Jeremy Malies on Jura: The hotel, distillery, library

Photo credit: geograph.co.uk/Wikipedia
The first hamlet north out of Craighouse is Knockrome whose wonderfully named Lowlandman’s Bay curls round on itself so that it’s almost enclosed. There are a surprising number of palm trees here, and the tropical feel is reinforced by red hot poker plants, also known as torch lilies. They taper from Kodak yellow to rock candy red, could almost be imagined as a torture instrument and seem to ooze heat. I make for a red telephone box surrounded by harebell and helleborine that serves as a library for the island. Even at a distance, the books reveal themselves to be mostly pulp fiction. Will there be anything by Orwell, about him, or of possible interest to his shade?
A “BBC Active Talk” Spanish course complete with cassette tapes (would anybody be able to play them now?) is the first thing I pick up. In Homage to Catalonia, Orwell belittles his ability with the language, saying that he would stitch together pidgin sentences from a Hugo’s dictionary when asking his sergeant to demonstrate use of a machine gun. My bet is that he was proficient and would also have fared well with Catalan which is even closer to French and Latin. The books are not just low-brow, they are largely junk as though there has been some genteel fly-tipping. The best of them include Andrew Marr’s The Making of Modern Britain which has an index. I read Marr’s summation: “Orwell was a strange fish, but he was right about the big things, and his assertion that the workers of Britain were more likely to carry on dreaming of horses coming in at twenty to one, and moan over their tea, than revolt was proved spot on.” This sounds like the pastimes provided for the proles in Nineteen Eighty-Four.

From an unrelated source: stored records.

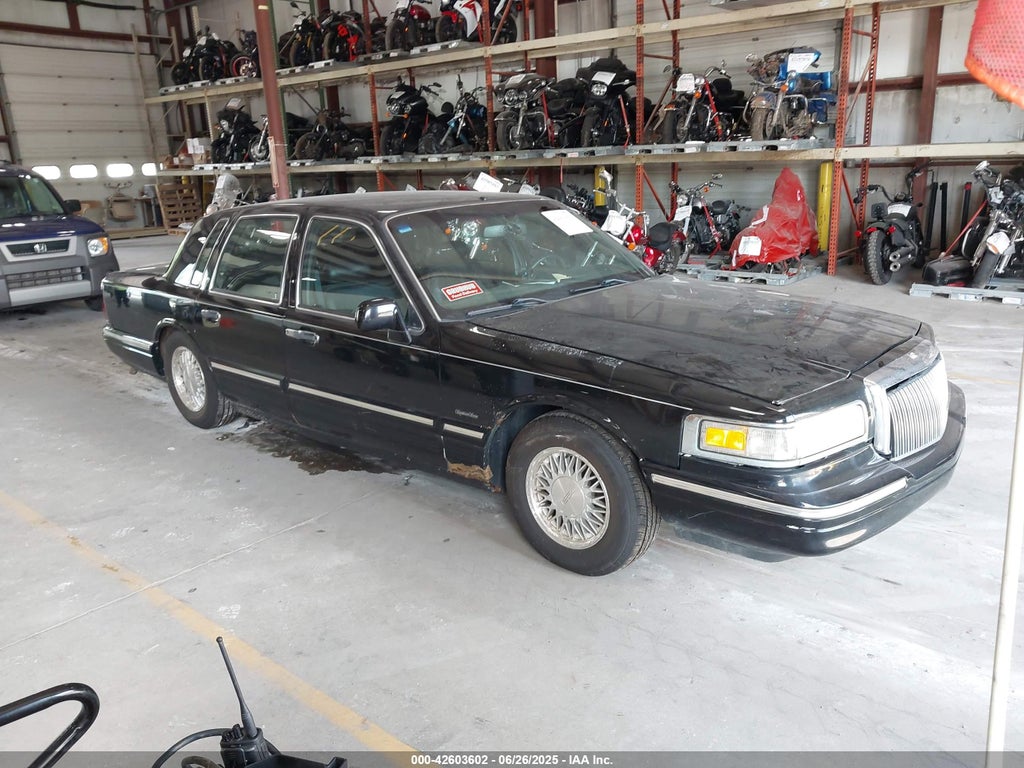 1997 LINCOLN TOWN CAR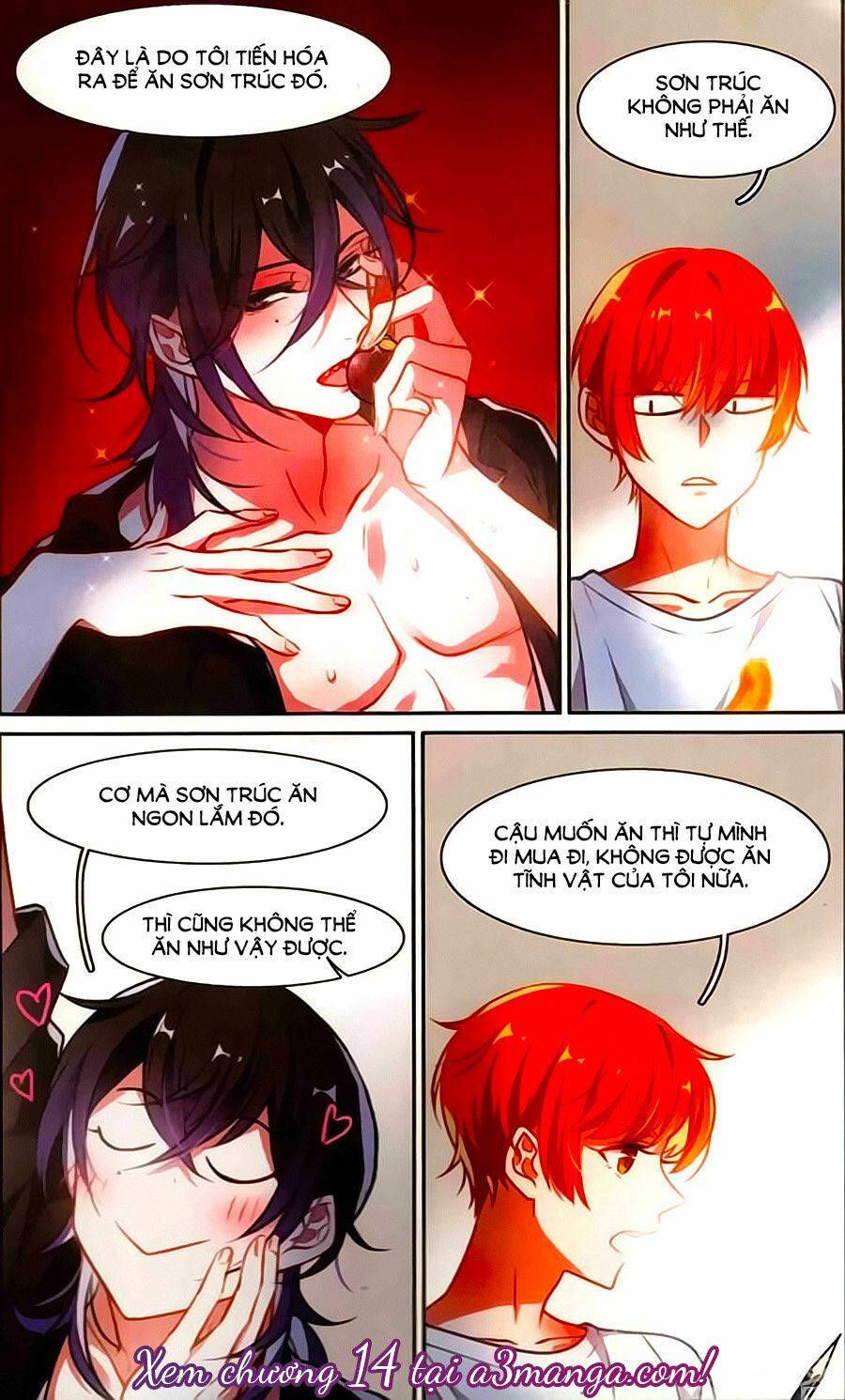 địa ngục cáo bạch thi chapter 13.5 12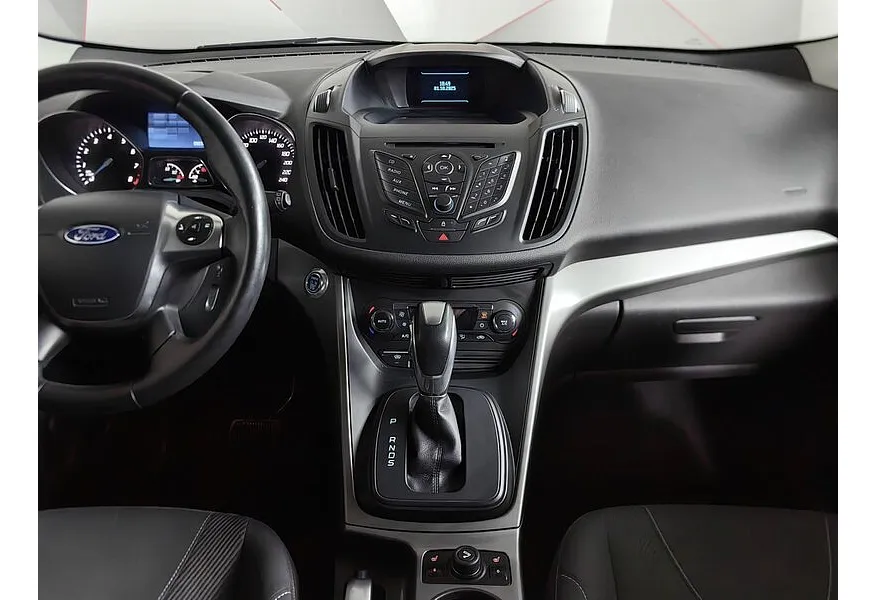 Ford Kuga 1.5 EcoBoost AT AWD (150 л.с.) Titanium Черный в АВИЛОН. Слайд №13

Focused on our man, my teetotal companion Wensleydale (“Wens” from now on) drives the Merc straight past the barn-like structures that make up the Lussa Gin distillery at Ardlussa. Why is gin so sexy these days? I’m a reformed alcoholic, with gin having done much of the damage. All true alcoholics will tell you that once addiction kicks in, anything from Dom Pérignon to White Lightning cider is simply fuel. The Lussa Gin website details many awards, so you have to reckon that the products are better than the woeful Victory Gin that Winston swills (often to relieve pain) in the novel. It’s news from the settlement here that makes for the most unpleasant and revealing entry in Orwell’s diaries. “June 12, 1947. Five rats (2 young ones, 2 enormous) caught in the byre during about the last fortnight … I hear that recently two children at Ardlussa were bitten by rats (in the face, as usual.)”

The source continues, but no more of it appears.